Content starts
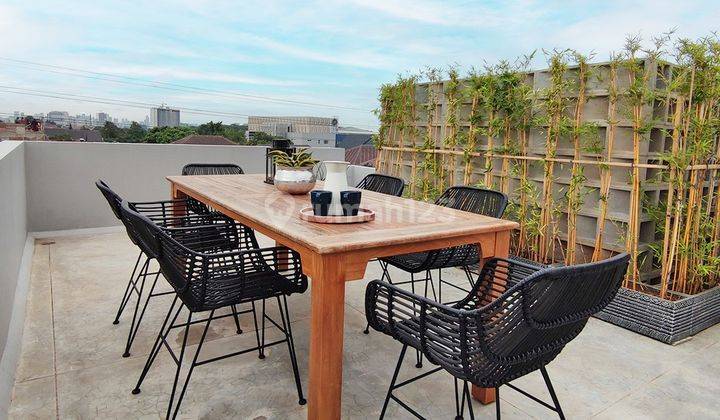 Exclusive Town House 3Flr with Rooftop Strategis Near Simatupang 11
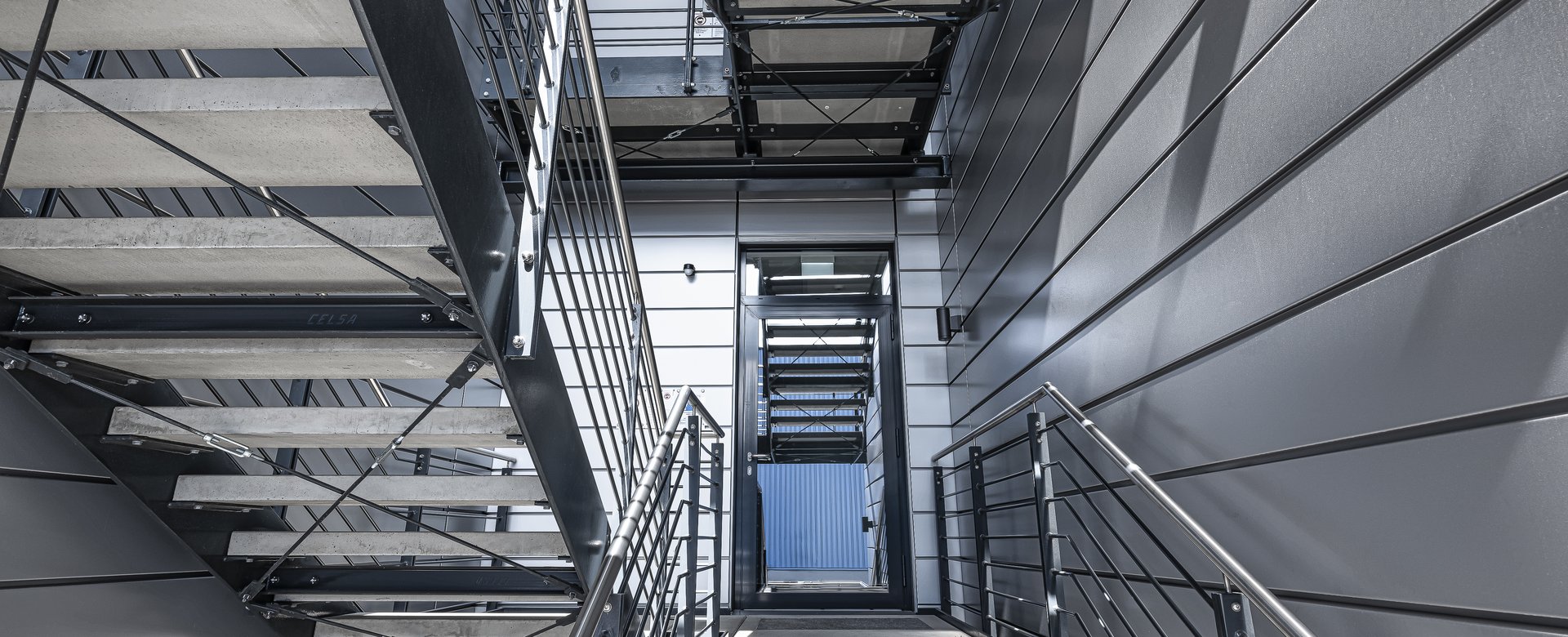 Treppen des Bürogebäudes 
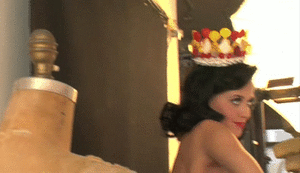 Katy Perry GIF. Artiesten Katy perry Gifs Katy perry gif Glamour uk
Content ends
Content starts
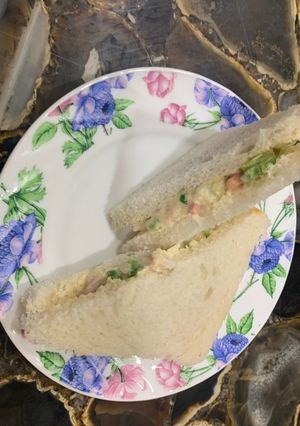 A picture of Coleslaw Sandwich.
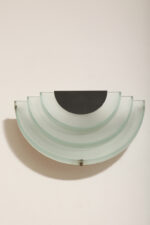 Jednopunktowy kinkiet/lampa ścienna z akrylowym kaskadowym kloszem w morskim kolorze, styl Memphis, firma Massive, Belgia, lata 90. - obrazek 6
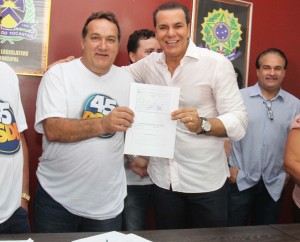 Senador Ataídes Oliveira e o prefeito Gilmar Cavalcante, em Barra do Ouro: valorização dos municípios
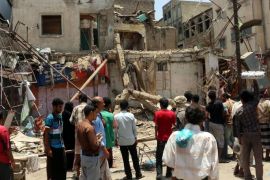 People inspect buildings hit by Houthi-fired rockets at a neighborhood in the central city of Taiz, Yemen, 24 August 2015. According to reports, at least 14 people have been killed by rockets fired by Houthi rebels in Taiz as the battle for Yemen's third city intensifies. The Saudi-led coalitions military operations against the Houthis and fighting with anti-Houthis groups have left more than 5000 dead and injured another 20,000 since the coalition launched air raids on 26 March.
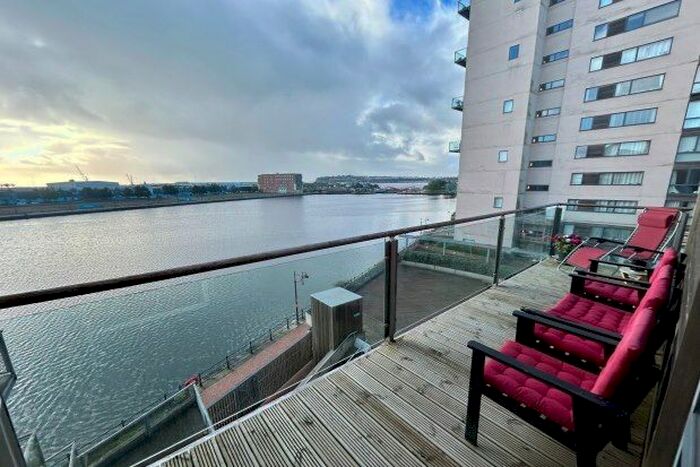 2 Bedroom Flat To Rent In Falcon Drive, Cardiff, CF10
Content ends
About this task ▸ Look above for the line with "Jednopunktowy kinkiet/lampa ścienna" and the line with "2 Bedroom Flat". Give again exactly those two lines and all lines between them, pictures excluded.

Finished exercise ▸
 Jednopunktowy kinkiet/lampa ścienna z akrylowym kaskadowym kloszem w morskim kolorze, styl Memphis, firma Massive, Belgia, lata 90. - obrazek 6
 Senador Ataídes Oliveira e o prefeito Gilmar Cavalcante, em Barra do Ouro: valorização dos municípios
 People inspect buildings hit by Houthi-fired rockets at a neighborhood in the central city of Taiz, Yemen, 24 August 2015. According to reports, at least 14 people have been killed by rockets fired by Houthi rebels in Taiz as the battle for Yemen's third city intensifies. The Saudi-led coalitions military operations against the Houthis and fighting with anti-Houthis groups have left more than 5000 dead and injured another 20,000 since the coalition launched air raids on 26 March.
 2 Bedroom Flat To Rent In Falcon Drive, Cardiff, CF10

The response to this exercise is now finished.